Whilst this one shows a positive result, with the geopoint well inside the limits of Forster - Tuncurry area
This works fast with 46000 lines (CSV was 1.6 MB) in the geopoint data. We recommend never feeding this a massive data set, but to reduce the geographical scale as you increase the resolution. Remember that XLSForms store GPS data at 6 decimal places, but you aren't going to get this system to work at that level!
To give an example of why not, look at this. Forster - Tuncurry is about 45 km^2. Not a huge area.

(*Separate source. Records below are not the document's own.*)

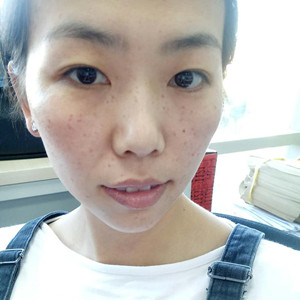 激光祛晒斑真实案例分享，并附上前后对比图片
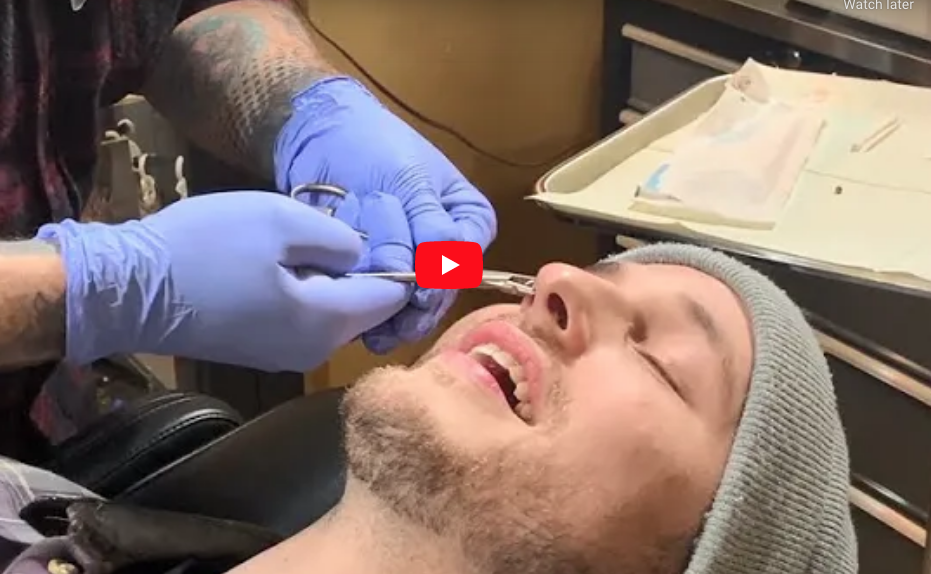 Piercing Experience: Nick's Nose Piercing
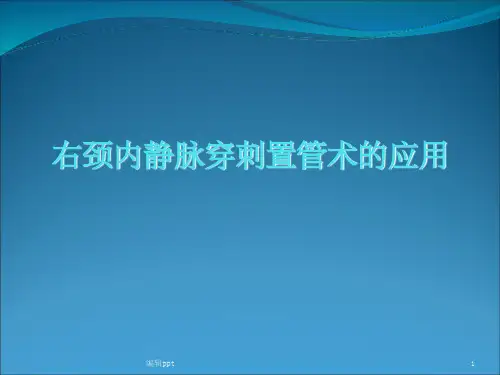 右颈内静脉穿刺置管术的应用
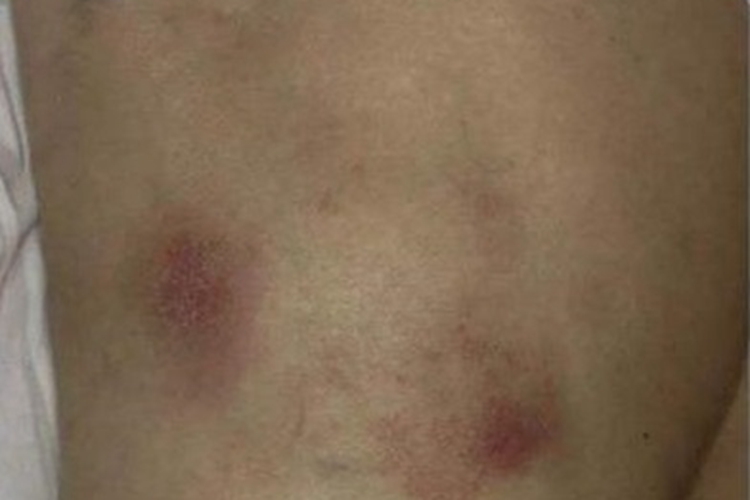 人工性脂膜炎红斑图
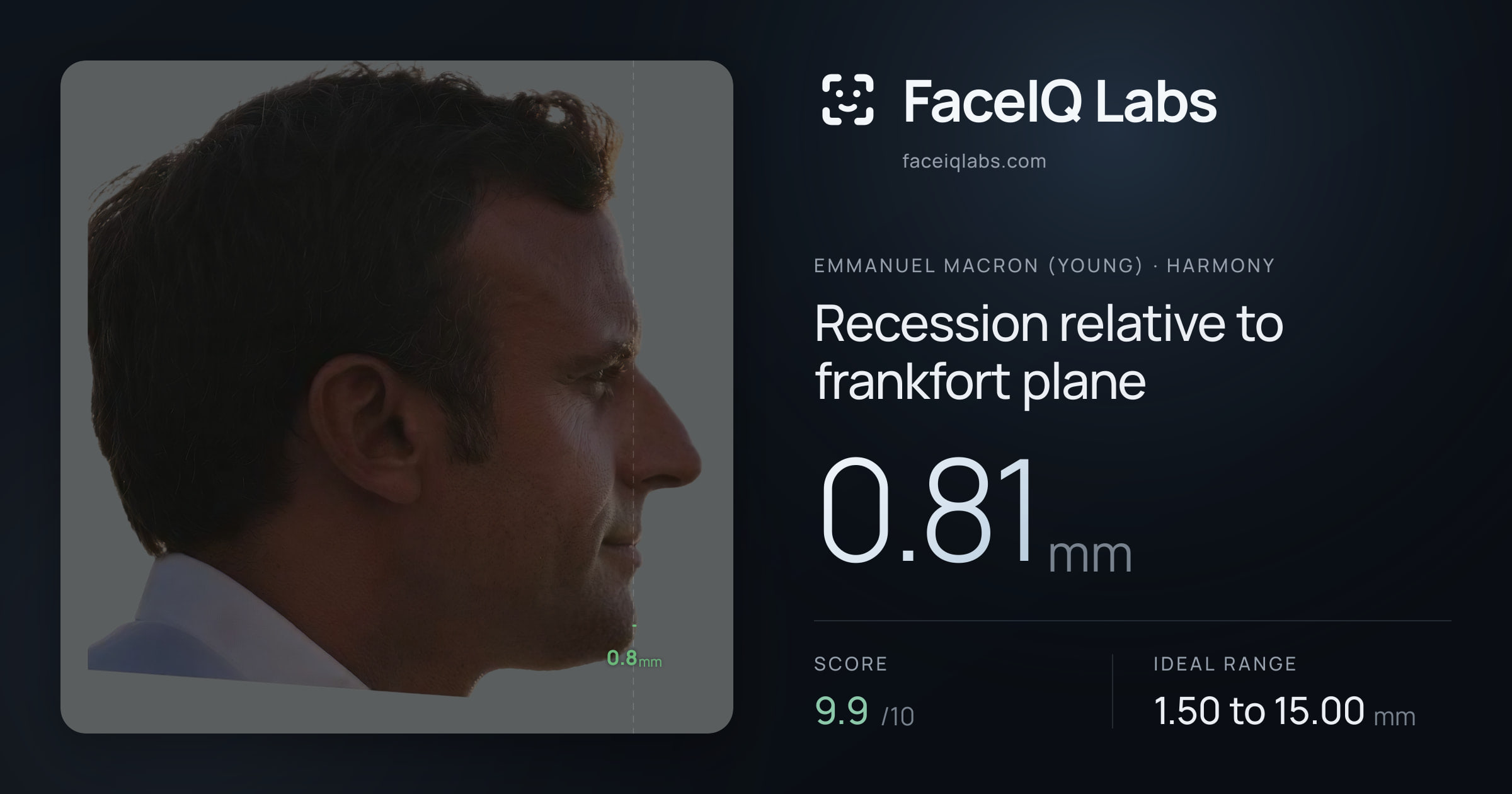 Emmanuel Macron (Young) Recession relative to frankfort plane: 0.81mm, drawn on the photo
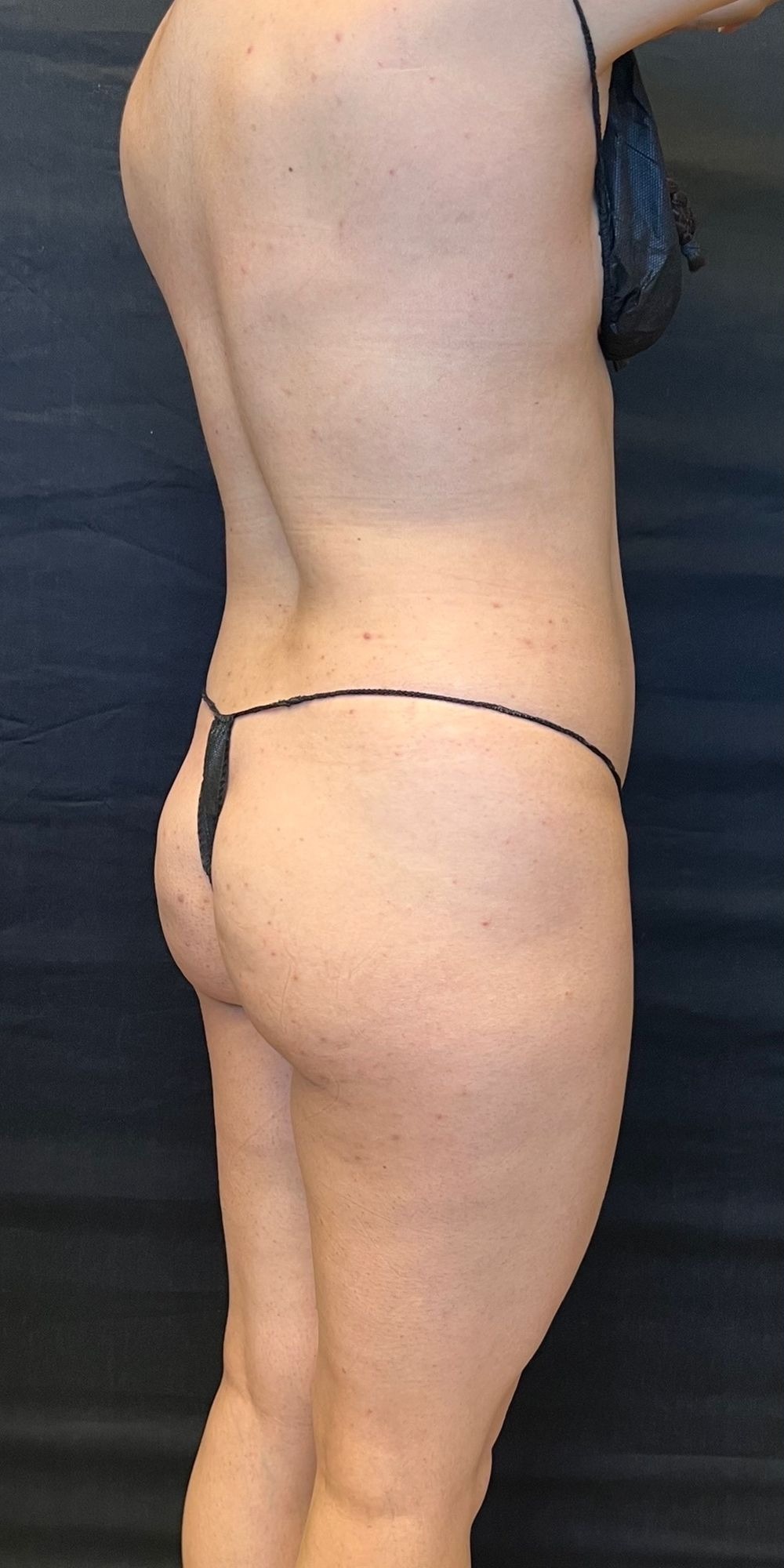 Brazilian Butt Lift Before & After Image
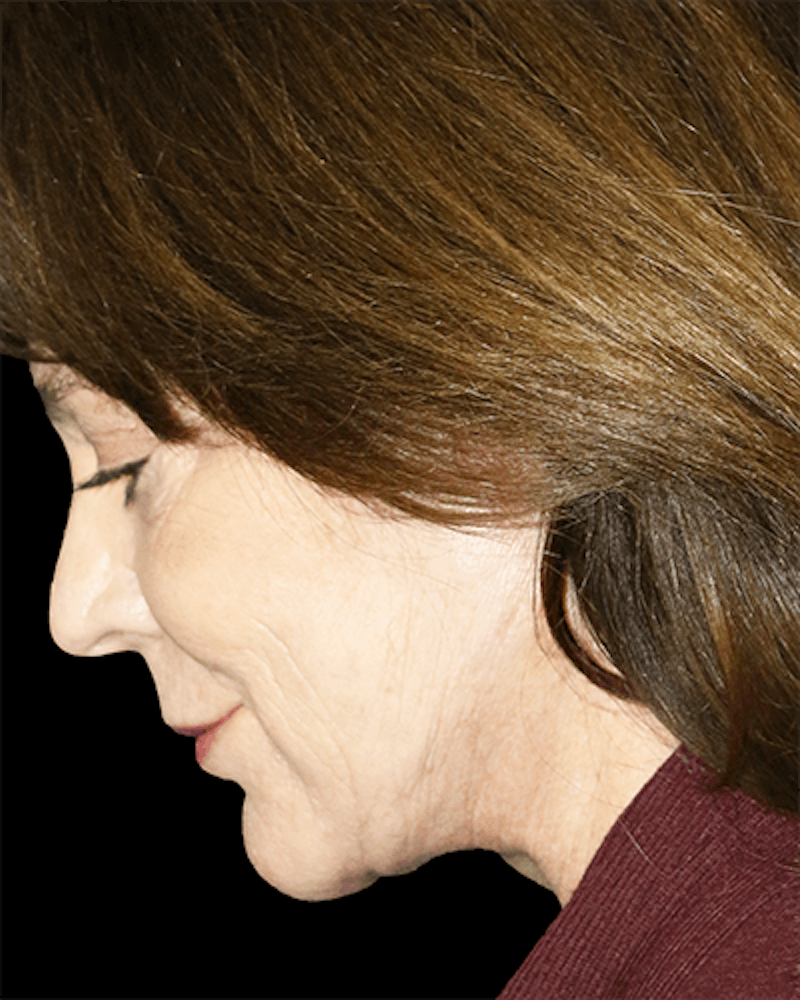 Facelift Before & After Gallery - Patient 157611 - Image 4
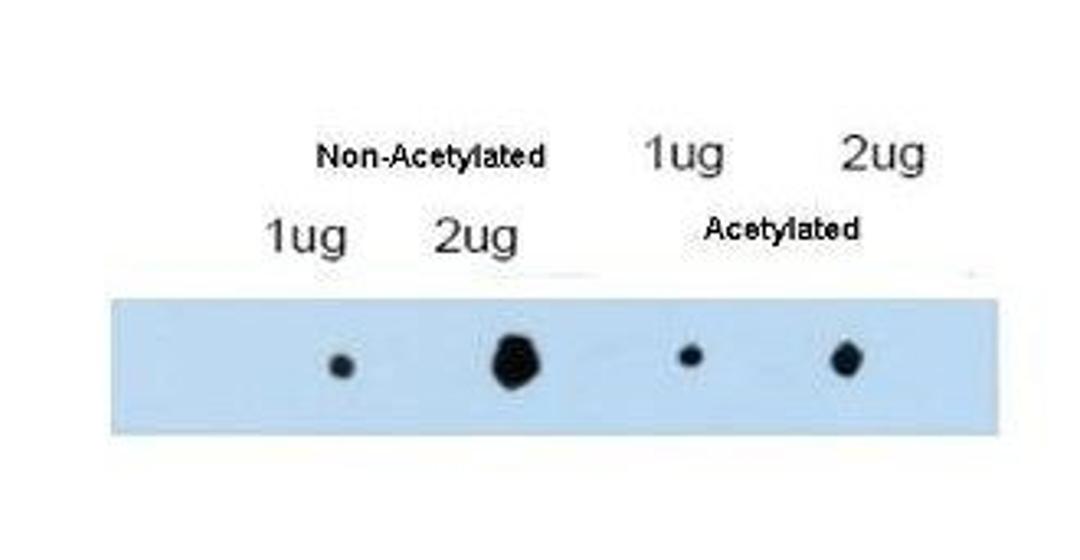 Western blot analysis of dot blot with acetylated and non-acetylated forms of the immunizing peptide using ATDC antibody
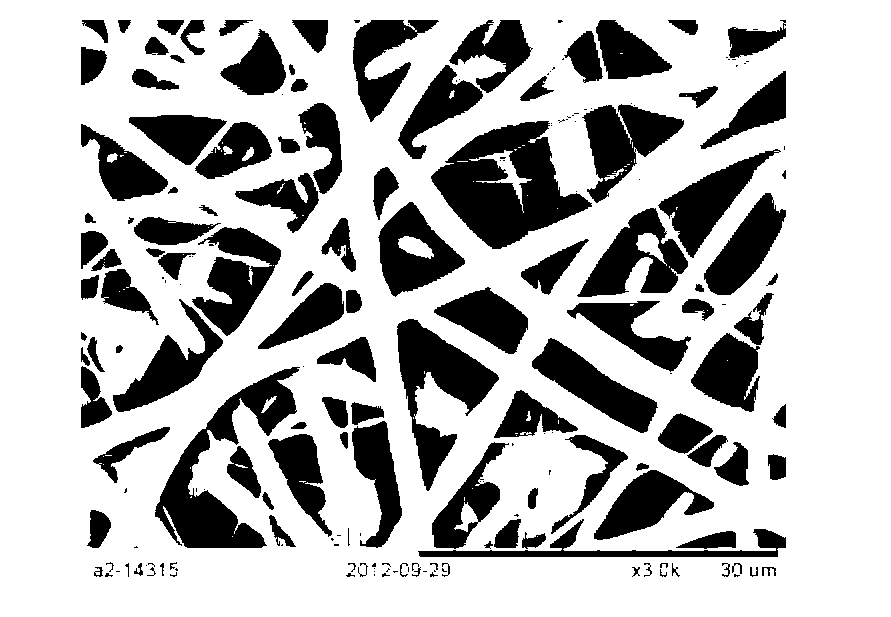 Preparation method of caprolactone lactate copolymer/collagen/chitosan small-caliber intravascular stent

But as resolution goes up, so the number of points in the matrix expands hugely
|resolution degrees||GPS decimal places||resolution (at equator)||points in matrix|
Remembering that the best resolution the average GPS receiver on a phone will get is about 10 m, we benchmarked performance with 10 metre resolution or 4 decimal places. Conveniently this is also the resolution of the maps that provide the shapefiles.
The CSV file is now ~26 MB. Pretty big
The form loads on Enketo in about 8 seconds.
The resolution is also great
Look at the boundary of the polygon for Forster - Tuncurry. North of the bridge is inside. South is outside.
If we place a marker in ODK on the bridge, it detects the point as being inside the polygon
But about 10 m south, it detects the point as being outside the polygon
On ODK Collect, the first time you use this form it will pre-load the data from the CSV, which took about 20 seconds. On subsequent uses, it takes no time at all, even after a reboot!